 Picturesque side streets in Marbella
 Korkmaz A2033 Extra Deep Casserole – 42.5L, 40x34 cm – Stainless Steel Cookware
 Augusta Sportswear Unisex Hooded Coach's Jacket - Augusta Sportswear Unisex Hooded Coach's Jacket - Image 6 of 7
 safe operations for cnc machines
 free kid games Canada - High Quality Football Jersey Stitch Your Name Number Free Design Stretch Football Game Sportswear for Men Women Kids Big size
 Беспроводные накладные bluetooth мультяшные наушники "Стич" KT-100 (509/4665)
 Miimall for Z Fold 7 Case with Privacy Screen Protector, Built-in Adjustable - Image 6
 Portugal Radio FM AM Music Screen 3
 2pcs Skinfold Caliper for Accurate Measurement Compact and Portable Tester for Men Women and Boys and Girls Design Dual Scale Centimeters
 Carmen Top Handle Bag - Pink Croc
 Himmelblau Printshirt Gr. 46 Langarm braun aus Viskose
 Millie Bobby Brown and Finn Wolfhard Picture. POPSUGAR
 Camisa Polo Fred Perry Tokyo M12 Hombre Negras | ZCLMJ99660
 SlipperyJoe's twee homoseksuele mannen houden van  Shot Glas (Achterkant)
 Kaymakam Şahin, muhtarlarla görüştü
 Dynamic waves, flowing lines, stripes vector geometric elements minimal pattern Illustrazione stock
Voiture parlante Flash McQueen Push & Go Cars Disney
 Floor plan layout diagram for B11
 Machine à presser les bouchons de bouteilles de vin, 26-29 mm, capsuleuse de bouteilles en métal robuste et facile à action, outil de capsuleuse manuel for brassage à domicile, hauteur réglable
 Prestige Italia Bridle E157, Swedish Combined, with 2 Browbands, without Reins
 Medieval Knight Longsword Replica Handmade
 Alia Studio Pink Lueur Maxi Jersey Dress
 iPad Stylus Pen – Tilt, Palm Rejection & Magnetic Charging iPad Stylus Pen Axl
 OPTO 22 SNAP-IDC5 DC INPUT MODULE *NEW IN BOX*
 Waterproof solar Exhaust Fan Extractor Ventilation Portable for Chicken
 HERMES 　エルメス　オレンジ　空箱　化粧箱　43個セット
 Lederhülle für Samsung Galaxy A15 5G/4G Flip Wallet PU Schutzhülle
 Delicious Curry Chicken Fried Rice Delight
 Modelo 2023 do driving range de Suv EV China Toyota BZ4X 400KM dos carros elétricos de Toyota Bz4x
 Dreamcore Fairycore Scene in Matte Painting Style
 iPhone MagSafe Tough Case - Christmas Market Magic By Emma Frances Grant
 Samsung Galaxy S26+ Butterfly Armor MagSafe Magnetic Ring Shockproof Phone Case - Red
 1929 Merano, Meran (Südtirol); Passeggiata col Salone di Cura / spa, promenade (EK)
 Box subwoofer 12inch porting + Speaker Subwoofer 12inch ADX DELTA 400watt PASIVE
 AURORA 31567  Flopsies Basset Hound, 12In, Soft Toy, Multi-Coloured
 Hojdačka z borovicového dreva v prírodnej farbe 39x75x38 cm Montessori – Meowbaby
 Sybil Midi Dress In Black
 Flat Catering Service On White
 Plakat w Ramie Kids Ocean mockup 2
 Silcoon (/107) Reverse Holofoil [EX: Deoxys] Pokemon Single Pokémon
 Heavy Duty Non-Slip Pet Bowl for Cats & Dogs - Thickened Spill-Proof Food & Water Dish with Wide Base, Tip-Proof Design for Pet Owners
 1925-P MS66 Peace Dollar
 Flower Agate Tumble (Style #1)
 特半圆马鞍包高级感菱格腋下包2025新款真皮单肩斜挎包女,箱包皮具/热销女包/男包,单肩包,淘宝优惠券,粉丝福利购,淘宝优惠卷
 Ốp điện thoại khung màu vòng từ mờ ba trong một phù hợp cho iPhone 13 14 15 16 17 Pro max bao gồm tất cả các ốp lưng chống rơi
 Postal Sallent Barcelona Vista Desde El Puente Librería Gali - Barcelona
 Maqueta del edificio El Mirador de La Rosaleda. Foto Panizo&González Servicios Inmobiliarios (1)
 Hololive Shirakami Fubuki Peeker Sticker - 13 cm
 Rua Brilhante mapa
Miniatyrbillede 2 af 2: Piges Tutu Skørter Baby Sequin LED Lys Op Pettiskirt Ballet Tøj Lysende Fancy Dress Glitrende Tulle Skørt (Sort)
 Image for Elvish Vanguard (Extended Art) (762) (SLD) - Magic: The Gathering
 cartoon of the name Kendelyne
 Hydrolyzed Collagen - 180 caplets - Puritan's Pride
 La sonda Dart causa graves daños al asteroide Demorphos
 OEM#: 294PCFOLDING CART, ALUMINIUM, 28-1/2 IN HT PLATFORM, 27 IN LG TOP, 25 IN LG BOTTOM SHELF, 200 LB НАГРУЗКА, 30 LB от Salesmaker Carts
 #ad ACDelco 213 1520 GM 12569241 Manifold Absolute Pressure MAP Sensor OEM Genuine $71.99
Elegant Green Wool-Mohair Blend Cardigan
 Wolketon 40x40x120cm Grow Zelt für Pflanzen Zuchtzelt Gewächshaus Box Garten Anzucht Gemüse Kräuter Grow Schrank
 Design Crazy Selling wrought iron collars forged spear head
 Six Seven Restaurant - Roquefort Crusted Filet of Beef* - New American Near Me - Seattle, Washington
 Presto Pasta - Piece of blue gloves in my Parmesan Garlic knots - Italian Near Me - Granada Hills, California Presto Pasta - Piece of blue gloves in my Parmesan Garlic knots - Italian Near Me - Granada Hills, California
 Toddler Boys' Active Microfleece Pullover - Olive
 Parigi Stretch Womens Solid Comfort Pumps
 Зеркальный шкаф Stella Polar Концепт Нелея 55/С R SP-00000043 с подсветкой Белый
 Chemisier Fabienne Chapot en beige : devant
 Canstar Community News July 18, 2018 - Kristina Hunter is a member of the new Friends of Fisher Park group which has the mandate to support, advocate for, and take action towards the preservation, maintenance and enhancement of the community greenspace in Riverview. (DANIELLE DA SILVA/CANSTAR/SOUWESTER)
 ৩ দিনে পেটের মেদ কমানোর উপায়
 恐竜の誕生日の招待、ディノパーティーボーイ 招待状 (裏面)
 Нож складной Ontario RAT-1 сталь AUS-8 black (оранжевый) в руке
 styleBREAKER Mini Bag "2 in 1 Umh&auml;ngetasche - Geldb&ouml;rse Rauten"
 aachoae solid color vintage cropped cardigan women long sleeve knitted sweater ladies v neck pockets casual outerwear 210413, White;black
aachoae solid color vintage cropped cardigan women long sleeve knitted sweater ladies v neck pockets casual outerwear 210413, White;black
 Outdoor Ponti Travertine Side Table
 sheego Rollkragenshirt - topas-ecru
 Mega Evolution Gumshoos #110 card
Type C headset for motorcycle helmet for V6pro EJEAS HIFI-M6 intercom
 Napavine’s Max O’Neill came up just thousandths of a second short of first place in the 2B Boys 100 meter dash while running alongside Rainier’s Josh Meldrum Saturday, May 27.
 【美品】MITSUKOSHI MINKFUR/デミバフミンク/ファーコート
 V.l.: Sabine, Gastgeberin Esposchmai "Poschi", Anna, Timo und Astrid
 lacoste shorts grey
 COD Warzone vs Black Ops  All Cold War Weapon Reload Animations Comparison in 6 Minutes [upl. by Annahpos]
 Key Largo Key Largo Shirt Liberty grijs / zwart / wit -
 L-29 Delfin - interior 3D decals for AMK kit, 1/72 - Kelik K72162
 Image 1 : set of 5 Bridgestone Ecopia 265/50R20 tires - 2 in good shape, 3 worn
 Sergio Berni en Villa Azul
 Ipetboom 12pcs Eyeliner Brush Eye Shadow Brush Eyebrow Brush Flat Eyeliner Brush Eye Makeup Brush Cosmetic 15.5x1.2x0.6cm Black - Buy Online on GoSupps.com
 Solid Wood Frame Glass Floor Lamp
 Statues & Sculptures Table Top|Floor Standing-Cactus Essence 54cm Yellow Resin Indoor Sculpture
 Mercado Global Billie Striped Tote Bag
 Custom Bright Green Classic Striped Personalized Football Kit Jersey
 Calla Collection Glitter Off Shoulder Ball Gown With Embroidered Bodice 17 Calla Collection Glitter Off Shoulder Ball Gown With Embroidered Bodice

----------------------------------------

_Work instruction:_ Above are the entries. Quote exactly the lines from the one bearing "lacoste shorts grey" through the one bearing "Mercado Global Billie Striped Tote Bag".

_Solution:_
 lacoste shorts grey
 COD Warzone vs Black Ops  All Cold War Weapon Reload Animations Comparison in 6 Minutes [upl. by Annahpos]
 Key Largo Key Largo Shirt Liberty grijs / zwart / wit -
 L-29 Delfin - interior 3D decals for AMK kit, 1/72 - Kelik K72162
 Image 1 : set of 5 Bridgestone Ecopia 265/50R20 tires - 2 in good shape, 3 worn
 Sergio Berni en Villa Azul
 Ipetboom 12pcs Eyeliner Brush Eye Shadow Brush Eyebrow Brush Flat Eyeliner Brush Eye Makeup Brush Cosmetic 15.5x1.2x0.6cm Black - Buy Online on GoSupps.com
 Solid Wood Frame Glass Floor Lamp
 Statues & Sculptures Table Top|Floor Standing-Cactus Essence 54cm Yellow Resin Indoor Sculpture
 Mercado Global Billie Striped Tote Bag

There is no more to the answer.